In the company’s paper, it brought up concerns about the ability of the coins’ infrastructures to handle the full brunt of all the retail transactions that happen today.

“To process the number of digital retail transactions currently handled by selected national retail payment systems, even under optimistic assumptions, the size of the ledger would swell well beyond the storage capacity of a typical smartphone in a matter of days, beyond that of a typical personal computer in a matter of weeks and beyond that of servers in a matter of months,” the BIS wrote.

Indeed, perhaps one of the biggest problems plaguing most coin blockchains today is the fact that every computer acting as a node has to store a copy of the entire ledger, the full history of all transactions ever executed on their backbones.

Currently, Bitcoin’s blockchain reaches around 200 GB, with transaction volumes that are nowhere near as high as those by Visa or Mastercard.

Under such a model, it would eventually be impossible for a normal computer to run a full node. Inevitably, the Bitcoin blockchain would reach several terabytes in size, allowing only technically-savvy users with the resources to buy several 10-terabyte drives to run full nodes.

This is a problem that the cryptocurrency community is already aware of and anticipating.

In a conversation with a member of the Zcoin team that we had not long ago on Telegram, we found out that a lot of core developers for different coins have other priorities at the moment and would get around to addressing this issue once it really pushes the limits of modern computers.

For now, of course, that isn’t quite the case. 200 GB fits comfortably inside standard hard drives sold today, and we don’t anticipate Bitcoin’s blockchain ballooning to exabyte levels anytime soon.

Bitcoin isn’t the only cryptocurrency, though, and there are already a number of foundations focused on solving this issue. Vitalik Buterin, for example, proposes sharding the Ethereum network, which will make it less cumbersome to download and process all transactions.

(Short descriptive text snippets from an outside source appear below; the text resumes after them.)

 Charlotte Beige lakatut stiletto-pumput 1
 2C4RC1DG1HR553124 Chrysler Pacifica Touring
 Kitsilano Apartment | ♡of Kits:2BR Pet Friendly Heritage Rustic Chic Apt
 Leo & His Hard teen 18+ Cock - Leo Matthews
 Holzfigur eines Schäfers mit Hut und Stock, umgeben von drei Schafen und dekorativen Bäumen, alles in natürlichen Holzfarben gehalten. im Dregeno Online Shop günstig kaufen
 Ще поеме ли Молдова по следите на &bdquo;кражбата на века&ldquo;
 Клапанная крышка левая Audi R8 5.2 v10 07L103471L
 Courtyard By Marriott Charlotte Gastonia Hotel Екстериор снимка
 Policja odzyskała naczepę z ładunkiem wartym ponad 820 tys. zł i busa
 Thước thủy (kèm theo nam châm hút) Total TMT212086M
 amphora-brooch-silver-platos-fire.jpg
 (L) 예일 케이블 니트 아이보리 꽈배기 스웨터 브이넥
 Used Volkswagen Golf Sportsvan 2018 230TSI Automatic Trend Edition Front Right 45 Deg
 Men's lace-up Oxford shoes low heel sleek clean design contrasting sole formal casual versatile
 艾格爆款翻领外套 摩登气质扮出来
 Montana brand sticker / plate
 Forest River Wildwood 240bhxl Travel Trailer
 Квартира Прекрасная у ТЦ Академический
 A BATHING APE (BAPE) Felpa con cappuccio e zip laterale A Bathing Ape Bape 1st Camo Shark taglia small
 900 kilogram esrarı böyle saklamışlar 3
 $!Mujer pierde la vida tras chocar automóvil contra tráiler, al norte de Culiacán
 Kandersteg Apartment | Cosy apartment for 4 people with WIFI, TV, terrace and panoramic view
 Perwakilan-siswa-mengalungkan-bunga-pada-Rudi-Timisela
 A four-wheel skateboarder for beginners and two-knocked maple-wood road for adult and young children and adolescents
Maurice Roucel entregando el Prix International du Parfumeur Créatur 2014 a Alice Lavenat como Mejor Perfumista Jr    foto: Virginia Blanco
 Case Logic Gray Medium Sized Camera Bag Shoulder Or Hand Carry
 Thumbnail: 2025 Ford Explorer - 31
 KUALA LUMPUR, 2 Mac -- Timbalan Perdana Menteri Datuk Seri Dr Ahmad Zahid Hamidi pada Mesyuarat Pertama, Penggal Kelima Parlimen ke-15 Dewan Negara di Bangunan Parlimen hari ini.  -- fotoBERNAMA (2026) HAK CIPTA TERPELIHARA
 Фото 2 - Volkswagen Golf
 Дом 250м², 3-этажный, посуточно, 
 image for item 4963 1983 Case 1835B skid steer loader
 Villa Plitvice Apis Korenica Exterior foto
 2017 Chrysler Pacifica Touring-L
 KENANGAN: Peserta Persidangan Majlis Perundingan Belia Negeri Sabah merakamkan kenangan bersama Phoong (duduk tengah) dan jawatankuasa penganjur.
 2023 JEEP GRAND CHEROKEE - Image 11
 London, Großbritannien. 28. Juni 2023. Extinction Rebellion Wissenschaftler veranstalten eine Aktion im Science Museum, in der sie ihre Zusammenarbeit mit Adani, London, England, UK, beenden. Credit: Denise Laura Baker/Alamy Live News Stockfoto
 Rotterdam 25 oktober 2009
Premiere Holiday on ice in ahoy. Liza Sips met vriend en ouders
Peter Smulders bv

Under this model, full nodes won’t have to process the entirety of the network’s grunt work, instead getting pieces of it asynchronously.

Buterin alleges that the Ethereum network would theoretically be capable of processing 1 million transactions per second under this model.

It “Could Bring The Internet to a Halt”

The second problem that BIS sees in blockchain technology is the amount of processing power required to verify transactions and the amount of traffic required to broadcast them to all nodes in the network.

“The issue goes well beyond storage capacity, and extends to processing capacity: only supercomputers could keep up with the verification of the incoming transactions. The associated communication volumes could bring the internet to a halt, as millions of users exchanged files on the order of magnitude of a terabyte,” BIS wrote.

But how large are blocks in a network like Bitcoin’s, anyway?

Historically, a block on Bitcoin’s chain never surpassed one megabyte. One of these blocks is often processed by the cryptocurrency’s network every 10 minutes.

So, let’s say that there 100,000 full nodes in the network. There are actually around 10,000 at this moment, but we want to provide a generous number.

That means that every ten minutes, 100,000 megabytes of traffic are generated on the internet. That sounds enormous, but it’s a tiny blip compared to the thousands of terabytes that go through the pipelines on a daily basis.

With sharding and other scalability improvements, we can confidently expect a reduction in the amount of data transferred between all nodes on the network.

As for the amount of processing power used for verifying transactions, this all depends on the cryptocurrency’s network and whether it uses a proof-of-work or proof-of-stake model to verify a block.

To confirm a block, nodes do not use any more processing power than payment card processors do for individual transactions.

In conclusion, the Bank for International Settlements’ report looks at cryptocurrencies’ networks with all the flaws they currently have. Granted, we can’t predict how they’ll be over the next few years, but ignoring the improvements that some altcoins have already implemented or other mainstream coins are currently working on doesn’t do justice to the potential of the cryptocurrency market.